At a music trade show this week, a Sony executive said consumers subscribing to music should have an option to listen to that music in their car, home, or cell phone. This means DRM is inevitable.

Laurie Sullivan, Contributor

October 4, 2006

3 Min Read

Digital content is changing the music industry and no one knows that more than participants in a Digital Music Forum Wednesday in Hollywood. Just ask executives from Yahoo Music, Sony Corp of America, Sony BMG Music Entertainment, Universal Music, and Napster, among others who gathered to measure the industry's erratic pulse.

Some interesting glimpses into the changing scene could be gleamed from event. In one heated panel discussion, topics ranged talk radio replacing music on the FM dial, digital rights management, and Steve Jobs working with Bill Gates to create interoperability between brands.

In another bold prediction, Dave Goldberg, Yahoo Music's vice president and general manager, said music will disappear from CDs, and talk will replace tunes on FM radio.

"Slowly, music on radio is disappearing into talk, a trend we've seen for the past two years," he said. "In 10 years it will be clear, when we get through the messy part, what the business model looks like."

Sony Corp of America Vice President of Digital media Technology Strategy Alhby Galuten said consumers subscribing to music should have an option to listen to that music in their car, home, and on the cell phone. This means DRM is inevitable. And there are complex problems to solve.

Galuten said Sony is working to promote interoperability to maintain consumers' rights that provides flexible access to content. "It may take awhile, but we will get to a point where consumers won't mind paying for content because it will become flexible and available anytime you want to listen or share," he said.
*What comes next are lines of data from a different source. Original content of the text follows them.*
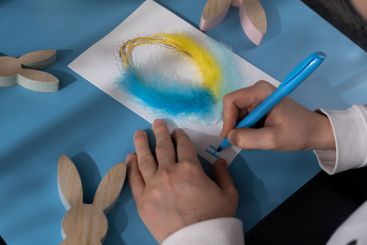 EASTER egg made of rope and feathers Sustainable...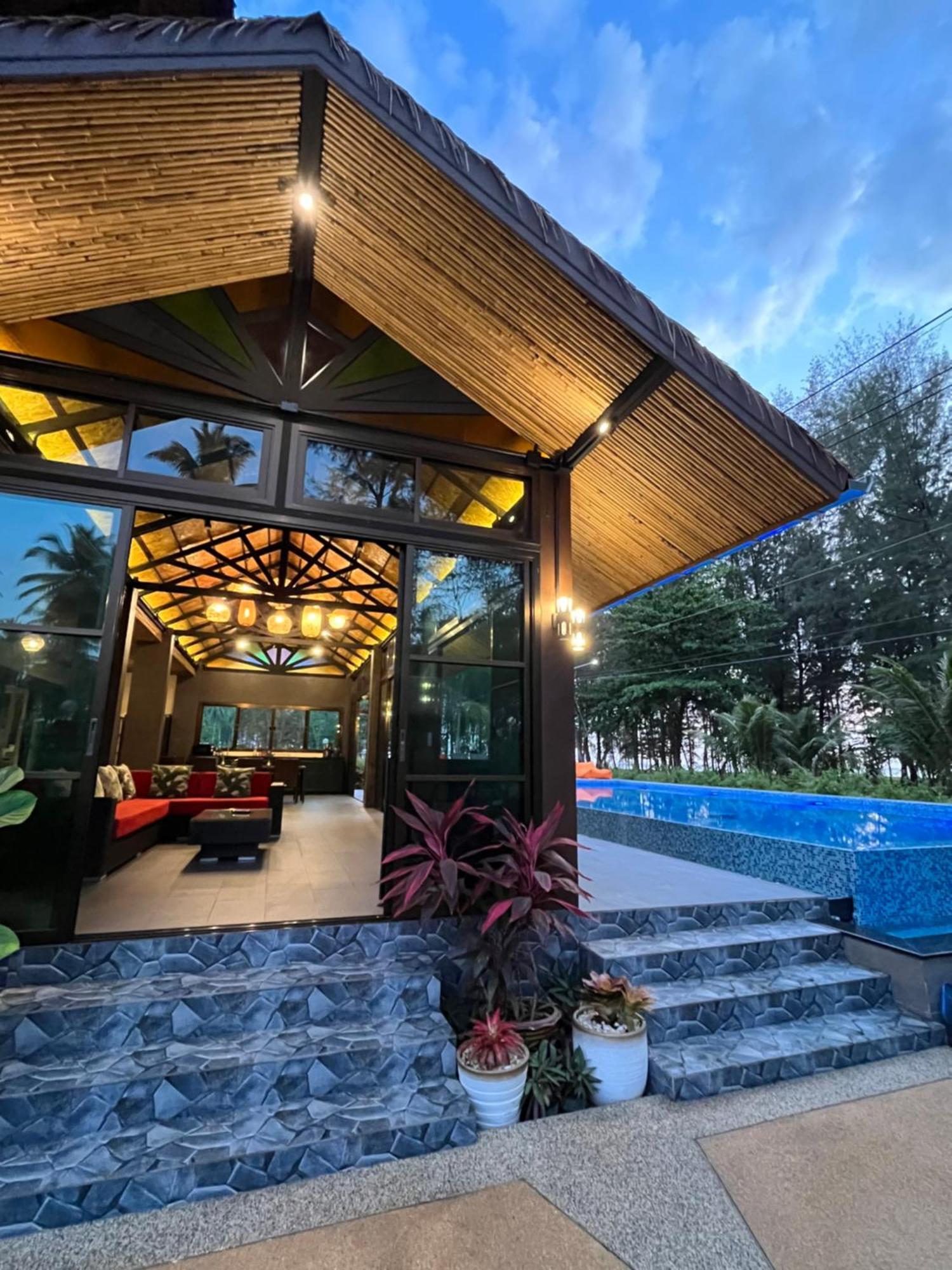 Holiday home Coral Pool
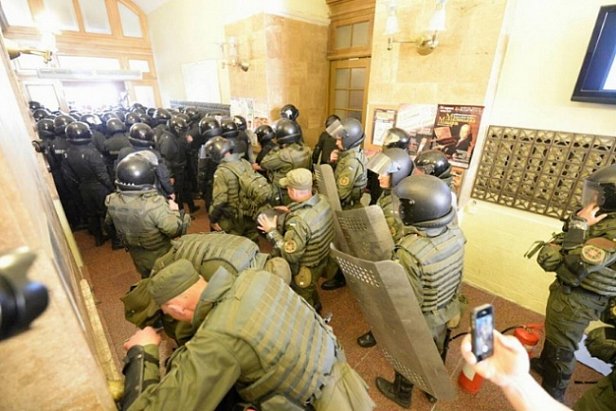 Полиция расследует столкновения во Львове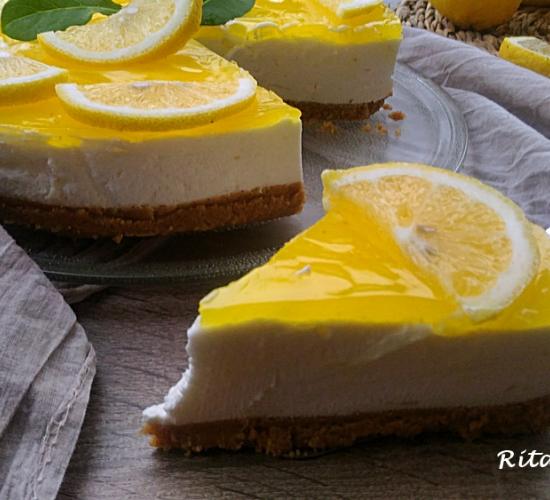 torta fredda al limone ( superficie specchiata)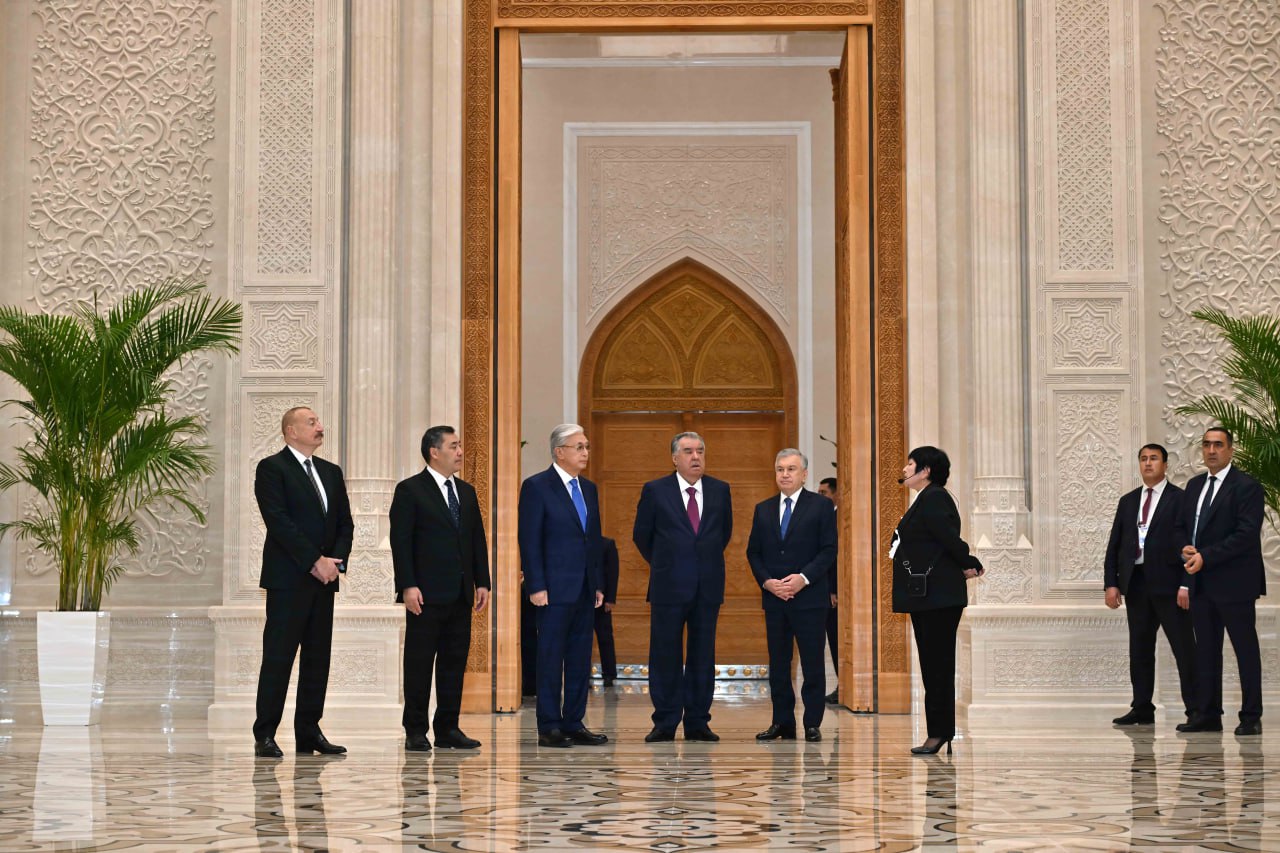 ورتالىق ازيا جانە ازەربايجان مەملەكەتتەرىنىڭ باسشىلارى يسلام وركەنيەتى ورتالىعىنا باردى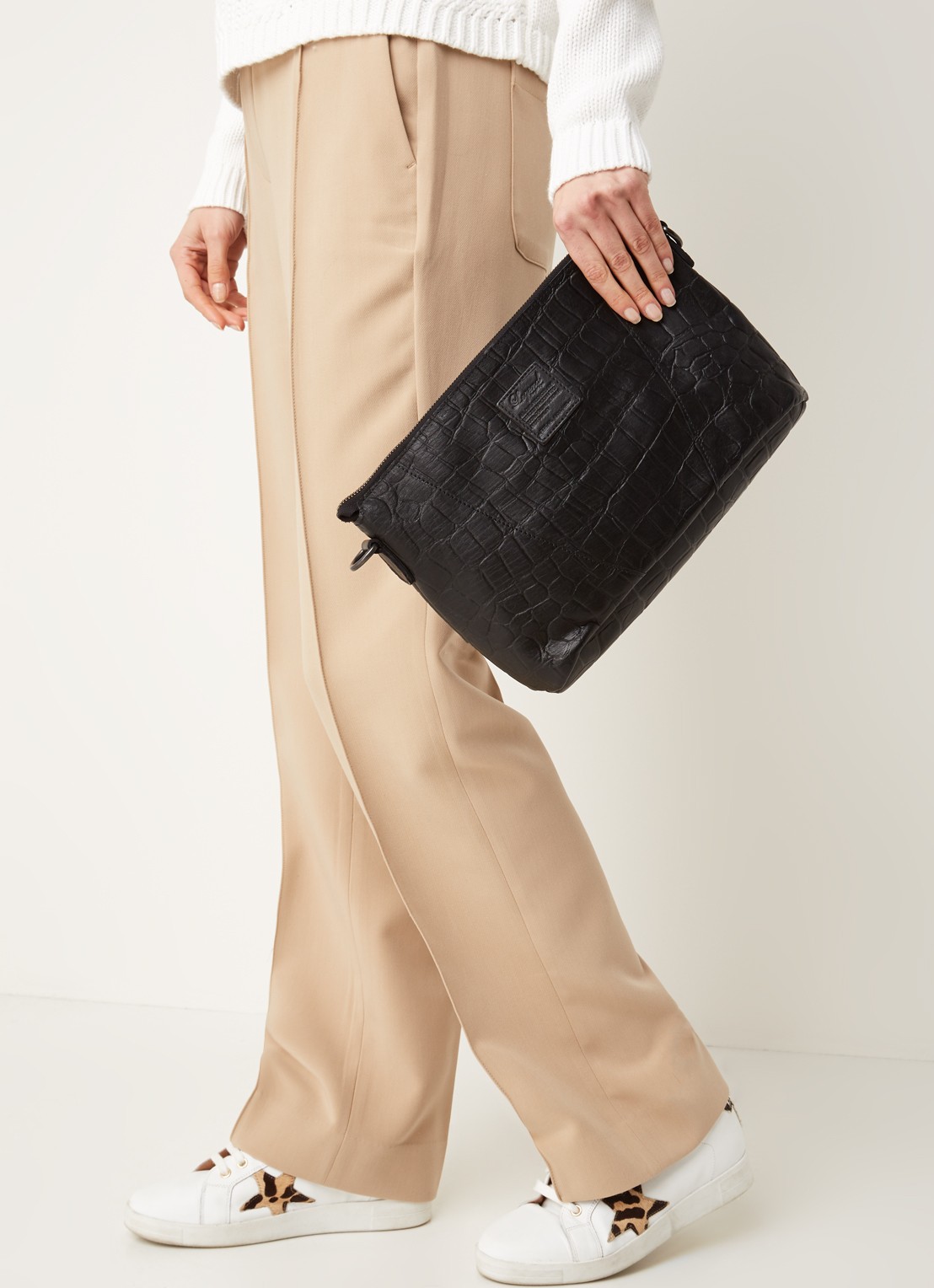 Legend Badia crossbodytas van leer met crocostructuur - voorkant 2 zwart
Suggesting technology has forced the industry to provide governance, Galuten said "We're moving quickly toward higher bandwidth, in some areas 100 megabits, and if I can easily take my 300 Bob Dylan song collection drag them into an e-mail and send it to you and it shows up in about one minute."
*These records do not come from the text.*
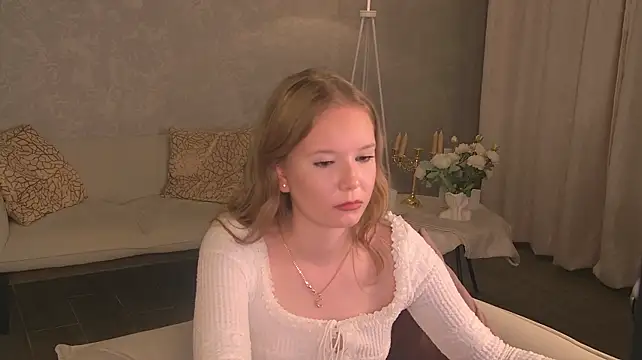 MavliHariri's Live XXX Chat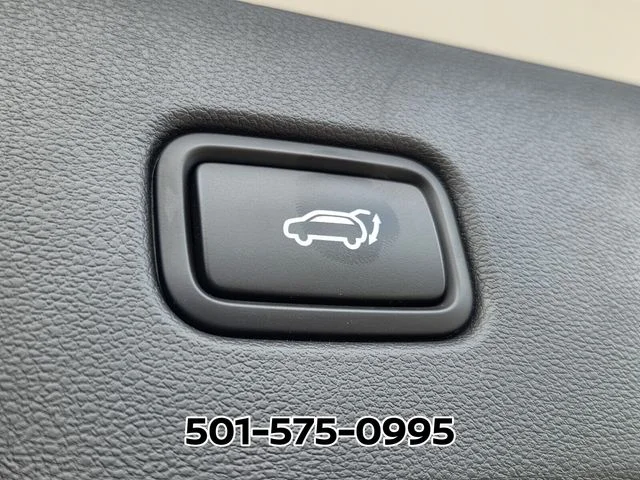 Used 2025 White Hyundai SEL image 16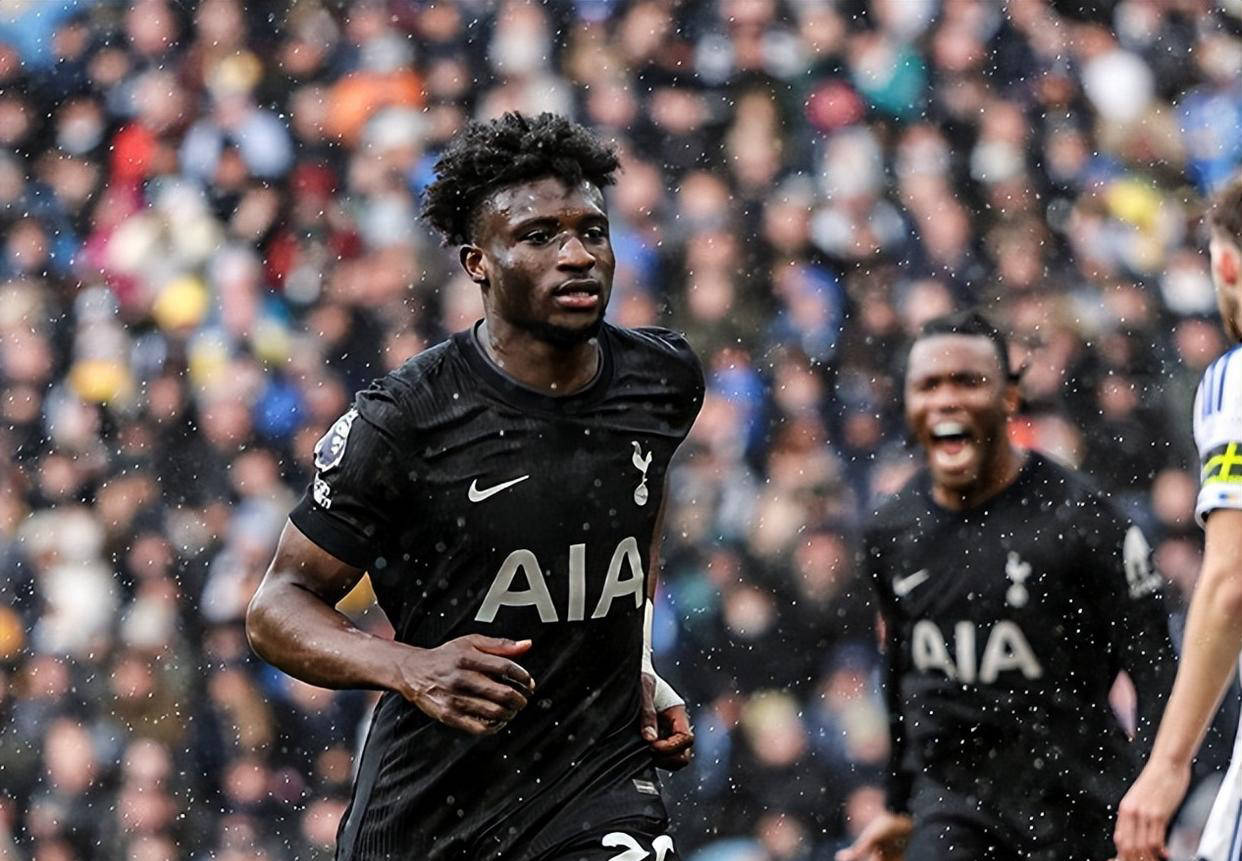 热刺对库杜斯有兴趣球队将其作为最合适选择的简单介绍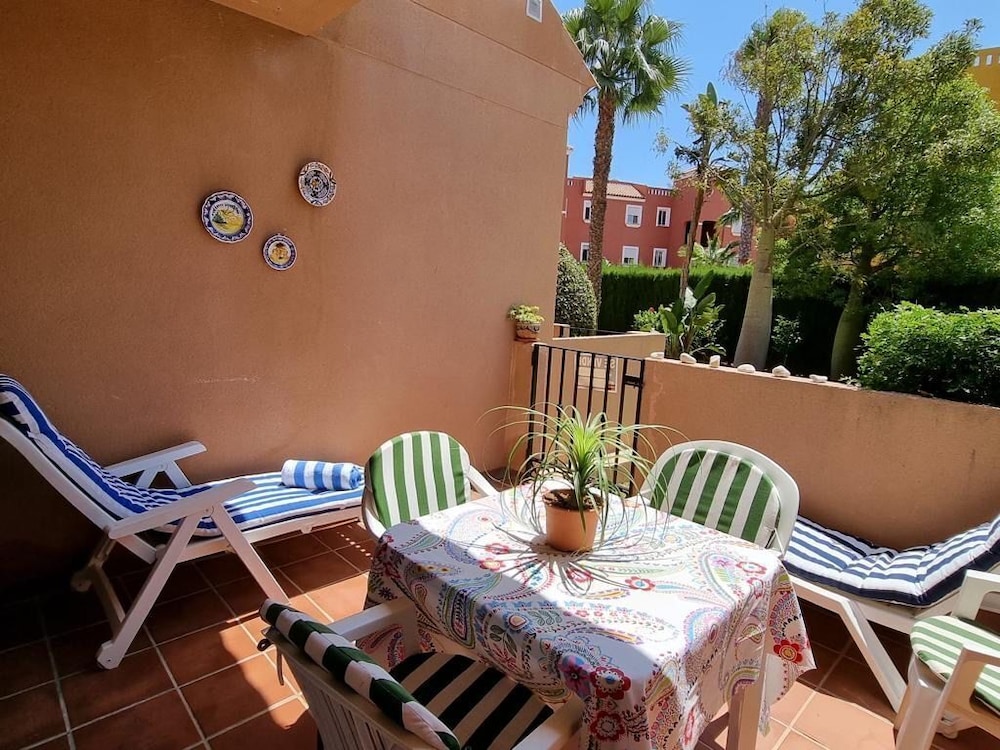 Ground Floor Naturist Studio With Terrace, 사진 5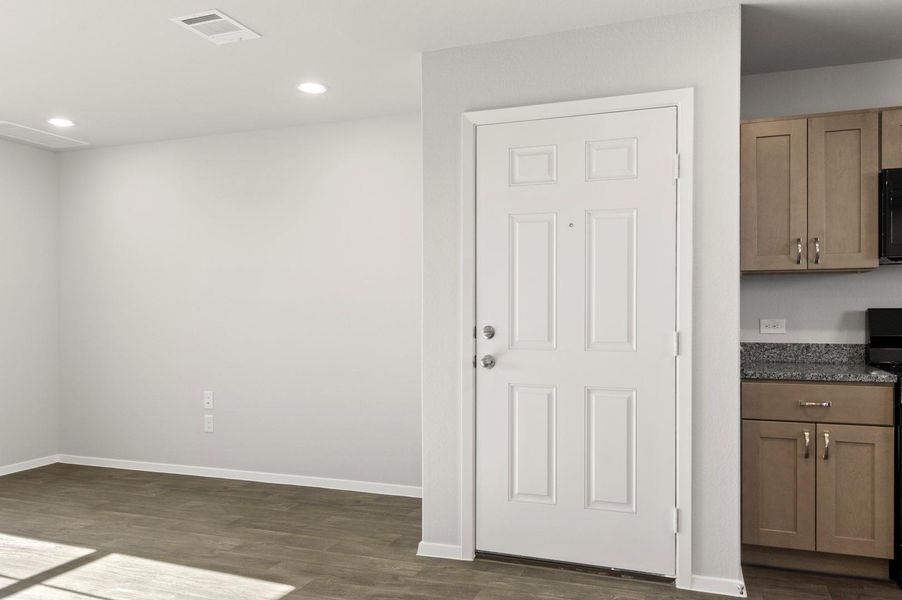 Spacious, unfurnished interior of a new home in Harvest Ridge, Elgin (Image 13).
During other remarks, Thomas Hesse, president of global digital business at Sony BMG Music Entertainment, said only 6 percent of people download music from legitimate music sites.

DRM would help to promote interoperability, some panelists suggest. eMusic CEO David Pakman said the music industry needs to solve interoperability issues or risk stifling the download industry. "The interoperability issue must be solved for the industry to grow," Pakman said. "A lack of interoperability is not good for the industry. Why should you be locked into one company's business model?"

Amanda Marks, Universal Music executive vice president, said interoperability is the greatest challenge the music industry faces and having one or two closed dominate systems isn't the way to grow the market. "Once you get past the early adopters consumers are confused and that is a barrier to growth," she said. "The big debate is whether other system than Apple will gain enough traction to get Steve Jobs to discuss some form of interoperability."

Napster COO Laura Goldberg said some of those interoperability problems also exist with third-party download services, suggesting Apple's closed platform makes it more difficult than it should be to downloading content.

"I'm not sure how Microsoft will fix inherent problems by putting another layer of technology on top of it," Goldberg said. "I also expect Zune won't work well with Napster and Yahoo solutions, which have been dealing with these problems for years."